Sepanjang saya mengedit buku Gat Khaleb, kami berkomunikasi sebagai adik dan kakak saja, saya memanggilnya “Kak”, dan beliau memanggil saya “Ade”. Buku bisa jadi jembatan pertalian saudara juga.
Bapak Yansen Tipa Padan, Kak Gat, dan semua yang saya kenang dari orang-orang Dayak Lundayeh khususnya, dan teman-teman di BWRC, juga murid-murid kami yang masih sekolah menengah saat itu, warga Krayan Tengah yang baik-baik dalam memuliakan tamun mereka, adalah bagian dari cinta saya terhadap “Tahu-Lakukan dan Jadikan”, sebuah epistemologi-etis untuk tetap bergerak menjadi Indonesia. Dan itu pula menurut saya yang sudah seharusnya menjadi landasan etis gerakan literasi di Indonesia. Bidang-bidang literasi yang diregulasi pemerintah saya kira belum ada landasan etisnya, terlalu memilah-milah.

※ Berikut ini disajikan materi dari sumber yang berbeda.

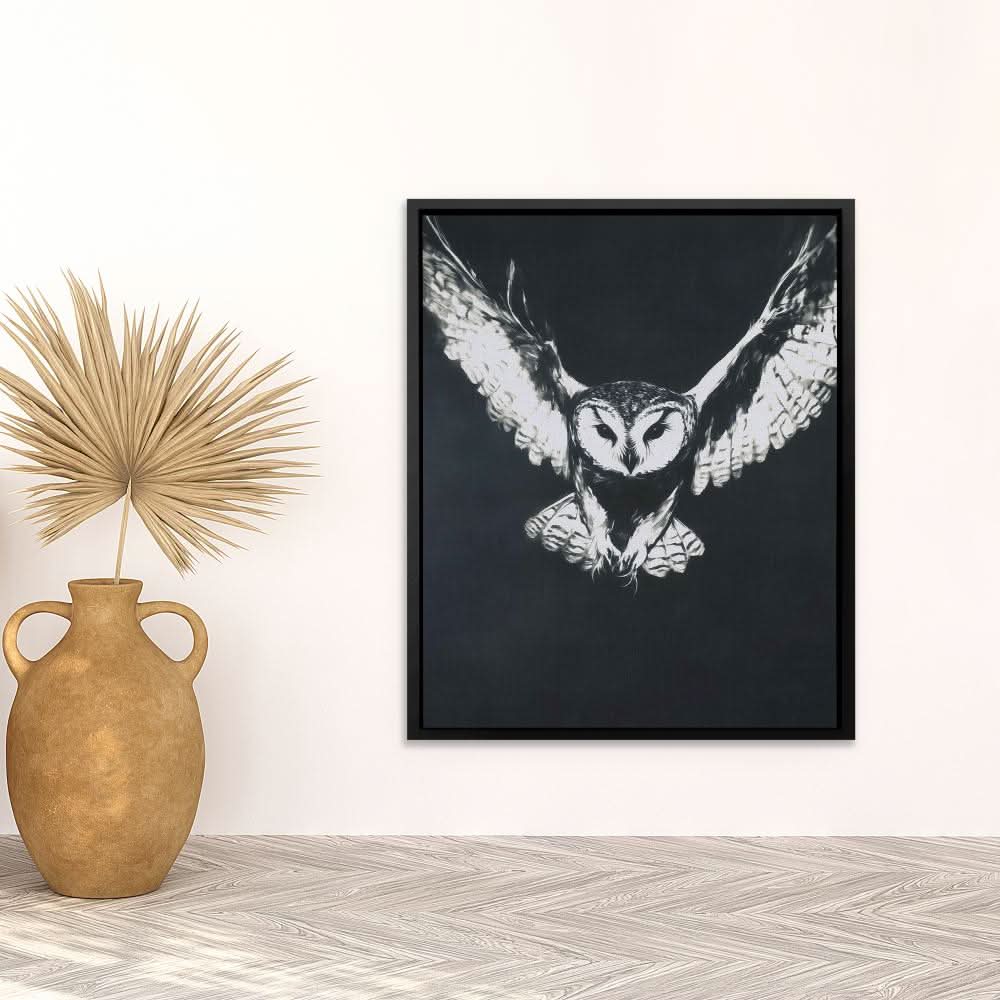 Ghostly Barn Owl - Large Canvas Print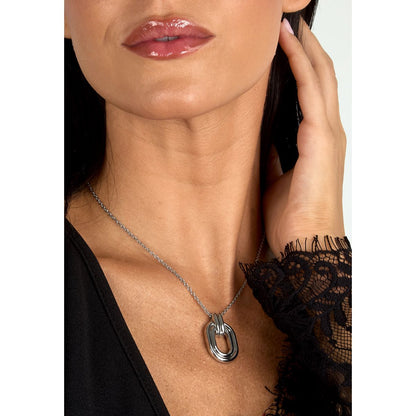 Collana Donna Morellato Vintage SAZJ18 in Acciaio Silver con Ciondolo Maglia Ovale 40+5 cm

Saya sendiri selalu terpikir untuk menyematkan “Bapak Literasi” kepada Dr. Yansen Tipa Padan, M.Si., atas buku-buku dan segala pemikirannya yang belum dituliskan, dan gerakan-gerakannya di keliterasian Indonesia. Bermula dari Kaltara, ia menginspirasi kami semua yang datang ke BWRC dari berbagai penjuru Indonesia. Bersama beliau pula kami menerbitkan buku bersama Menjelajahi Misteri Perbatasan (2024) dan diluncurkan 01 Maret 2024 di Sekolah Alam Cikeas Bogor (sekolah ini dipimpin penulis ternama Dodi Mawardi). Tak henti-hentinya pula beliau merangsang kami yang orang-orang Sunda untuk mengembangkan keliterasian Sunda.
Semoga Anda dapat bertemu juga dengan beliau –langsung atau melalui buku-bukunya– dan mengambil banyak sekali inspirasi berharga untuk kebangsaan dan keindonesiaan. Buku Gat Khaleb yang 450-an halaman itu pun merupakan salah satu produk dari persentuhan penulisnya dengan Bapak Literasi. Gat Khaleb menaruh komentar YTP di paling atas buku tersebut sebagai rasa hormatnya terhadap Sang Inspirator Literasi. []
Arip Senjaya, alumni BWRC, dosen filsafat Untirta, kepala Lab. Pemikiran Ki Hadjar Dewantara FKIP Untirta, anggota Komite Buku Nonteks Pusbuk Kemdikbud.